(Reuters) -FedEx plans to ground 29 more aircraft in its fiscal year that started on June 1 due to "demand challenges" that continued this month, the global delivery company's chief executive said on Tuesday.
Shares in the company fell 2.7% in extended trading. FedEx also reported a lower fiscal fourth-quarter profit and said Chief Financial Officer Michael Lenz would retire effective July 31. He will remain a senior adviser to the company until Dec 31.
Last fiscal year, FedEx slashed 29,000 jobs, retired 18 planes, shuttered offices and pared back profit-sapping Sunday deliveries in a bid to cut $4 billion in permanent costs by the end of its 2025 financial year.
"This focus will support sustained profit improvement in FY24 through an environment that we expect to remain marked by demand challenges, particularly in the first half," CEO Raj Subramaniam on a conference call with analysts. The first half runs through November.

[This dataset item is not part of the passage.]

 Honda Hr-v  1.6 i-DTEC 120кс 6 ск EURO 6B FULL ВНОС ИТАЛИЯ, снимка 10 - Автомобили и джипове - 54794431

The global shipping downturn has hurt margins for the sector and FedEx's challenge is matching costs and capacity to waning demand. E-commerce has been particularly hard hit as the early pandemic's online shopping bubble burst when consumers returned to stores, resumed eating at restaurants and traveling.
FedEx on Tuesday posted adjusted profit of $4.94 per share for the fourth quarter ended May 31, compared with $6.87 per share a year earlier.
Its flagship Express service, which depends on aircraft to quickly whisk packages to recipients, reported weakness in the latest quarter on softer demand and customers trading down to slower and less-expensive transportation options - though executives said margins in that business would improve.
For fiscal 2024, FedEx forecast flat to low-single-digit-percent revenue growth versus the prior year. That would put the range of adjusted earnings, excluding items, at $16.50 to $18.50 per share.
It also said it would buy back $2 million of its common stock in the new fiscal year.